EDITORIAL: Gambling on a community partner

Penticton Lakeside certainly warrants better from city council than public insinuations they are not looking after his tenant’s needs

David Prystay, the general manager of the Lakeside Resort and Casino, is feeling a bit hard done by after finding out the city is talking with the BC Lottery Corporation about moving the casino to another location in the city. He is now questioning the ethical base the city is operating from.

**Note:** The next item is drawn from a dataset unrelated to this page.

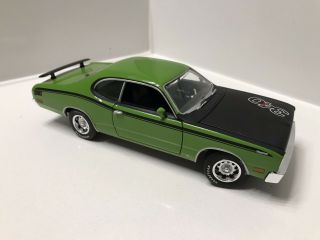 Johnny Lightning 1971 Plymouth Duster 340 1:24 Scale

Mayor Andrew Jakubeit admitted the city was approached by the casino for a discussion, but says no formal proposals were put forth. But just the fact the mayor,  and allegedly members of council, were willing to enter into such a meeting without informing the third party — the Lakeside — smacks of backroom dealing. While the city shouldn’t extend insider business knowledge or any confidential information to the Lakeside, we do think it would merit at least a common courtesy of notice they were meeting with the casino.

As a tenant in the Lakeside complex, BCLC certainly has the right to look for new digs. And the City of Penticton has no more requirement to inform Prystay of their actions than a private citizen does. But ethically, the city has a responsibility to deal fairly with its citizens, and put their interests first, especially one that bends over backwards to help the community.

The philanthropic efforts of the Lakeside include raising money for the Canada Day and New Year’s Eve fireworks, assisting groups that host community events such as the United Way, BC Games, PeachFest, the beach cruise and dozens of others. As well, the resort had a direct hand in building the South Okanagan Events Centre. The Lakeside took a large part of the SOEC building costs off taxpayer shoulders negotiating a deal redirecting the portion of the casino’s profits that are set aside for expansion of the hotel.

The support Prystay has directed to the community through the Lakeside and the casino certainly warrants better from city council than public insinuations he is not looking after his tenant’s needs. Penticton city councillors need to take a step back and look at the concept of openness and transparency they were eager to talk about during the election.